What is required:
What is needed is an exact transcription of every record, minus the pictures.

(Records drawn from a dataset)
▬▬▬
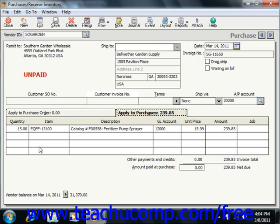You select the Apply to Purchases tab to enter items purchased that are not associated with a purchase order. You can also place items that you received but didn't order within the purchase order on this tab as well. When a vendor without open purchase orders is selected, this tab automatically appears.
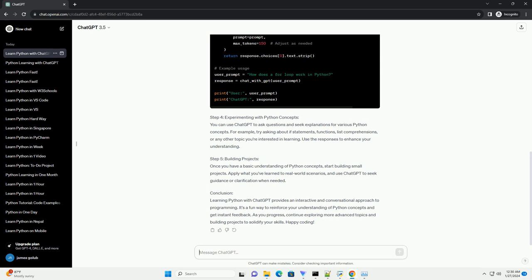Step 3: Writing Python Code to Interact with ChatGPT. Create a Python script or use a Jupyter notebook to interact with ChatGPT. Here's a simple example.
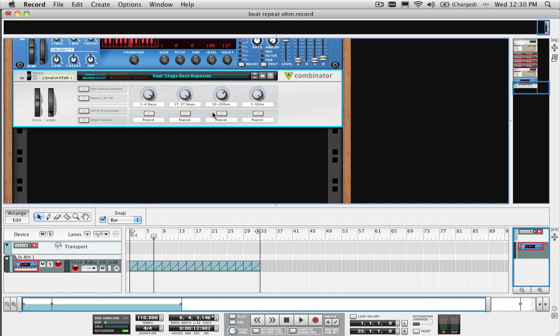The third and fourth knobs and buttons are ranges that are not tempo synced, and allow you to get some really fast repeat effects like this.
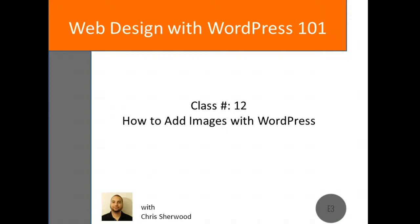Hi everyone, and welcome back to the Web Design with WordPress 101 course. Today we'll go over how to add photos and images to your WordPress site.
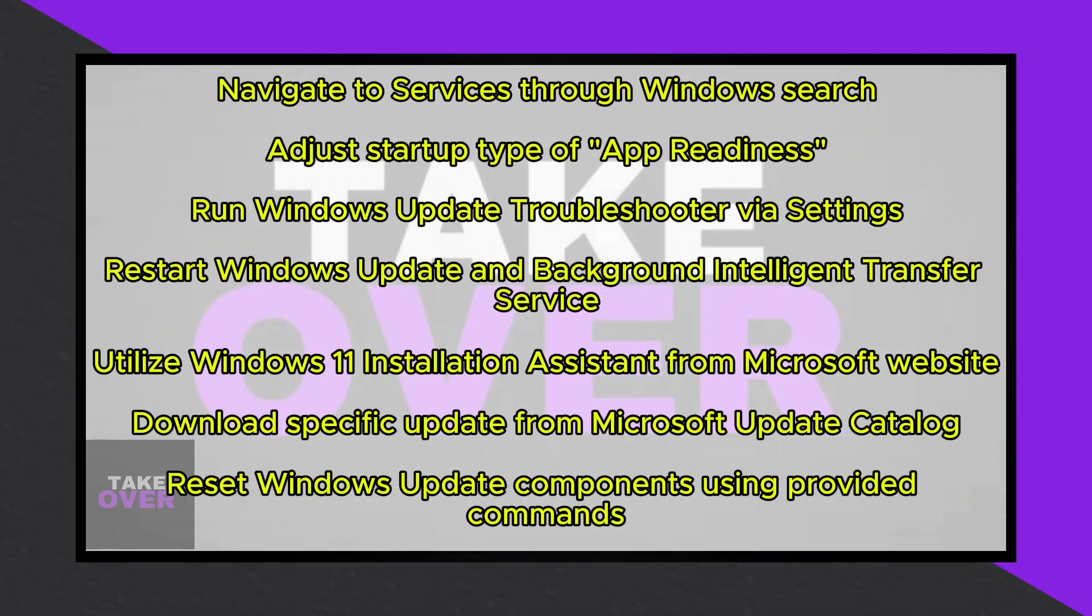If you've encountered the frustrating error message 'something didn't go as planned, undoing changes,' fret not. Follow along with the steps outlined in this video for a quick resolution.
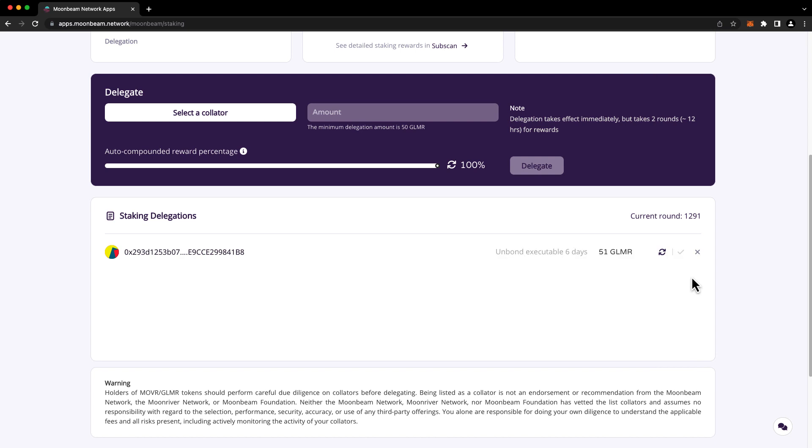Once the request is in progress, you can't make changes to it, but you can cancel it if you'd like with the X button and you can start over. After the waiting period has passed, you can return to apps.moonbeam.network to execute, meaning finalize the request, at which point your unbonded tokens will be returned to your free balance.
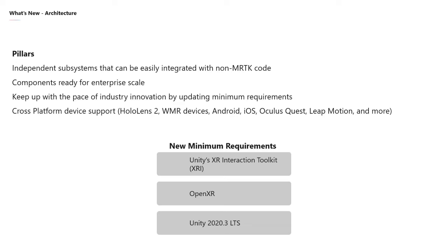That means you can take an independent component and integrate it with MRTK V2, or with something not even MRTK-related. With our new architecture, we're focused on making components robust and ready for enterprise scale. We want to keep up with industry innovation, updating minimum requirements, and remain dedicated to being a cross-platform developer platform — supporting HoloLens 2, Windows Mixed Reality, Android, iOS, Oculus Quest, Leap Motion, controllers, and much more.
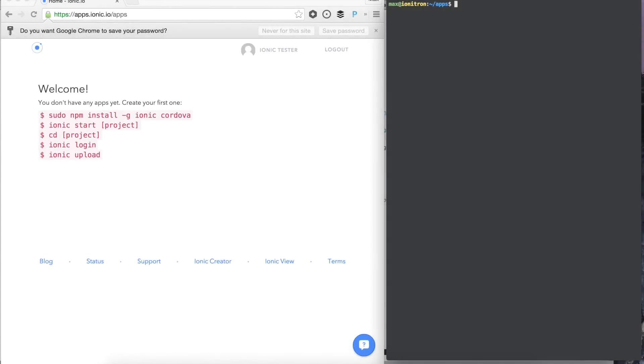Welcome to Ionic.io. Today we're going to show you how to get up and running with Ionic.io.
▬▬▬
Answer:
You select the Apply to Purchases tab to enter items purchased that are not associated with a purchase order. You can also place items that you received but didn't order within the purchase order on this tab as well. When a vendor without open purchase orders is selected, this tab automatically appears.
Step 3: Writing Python Code to Interact with ChatGPT. Create a Python script or use a Jupyter notebook to interact with ChatGPT. Here's a simple example.
The third and fourth knobs and buttons are ranges that are not tempo synced, and allow you to get some really fast repeat effects like this.
Hi everyone, and welcome back to the Web Design with WordPress 101 course. Today we'll go over how to add photos and images to your WordPress site.
If you've encountered the frustrating error message 'something didn't go as planned, undoing changes,' fret not. Follow along with the steps outlined in this video for a quick resolution.
Once the request is in progress, you can't make changes to it, but you can cancel it if you'd like with the X button and you can start over. After the waiting period has passed, you can return to apps.moonbeam.network to execute, meaning finalize the request, at which point your unbonded tokens will be returned to your free balance.
That means you can take an independent component and integrate it with MRTK V2, or with something not even MRTK-related. With our new architecture, we're focused on making components robust and ready for enterprise scale. We want to keep up with industry innovation, updating minimum requirements, and remain dedicated to being a cross-platform developer platform — supporting HoloLens 2, Windows Mixed Reality, Android, iOS, Oculus Quest, Leap Motion, controllers, and much more.
Welcome to Ionic.io. Today we're going to show you how to get up and running with Ionic.io.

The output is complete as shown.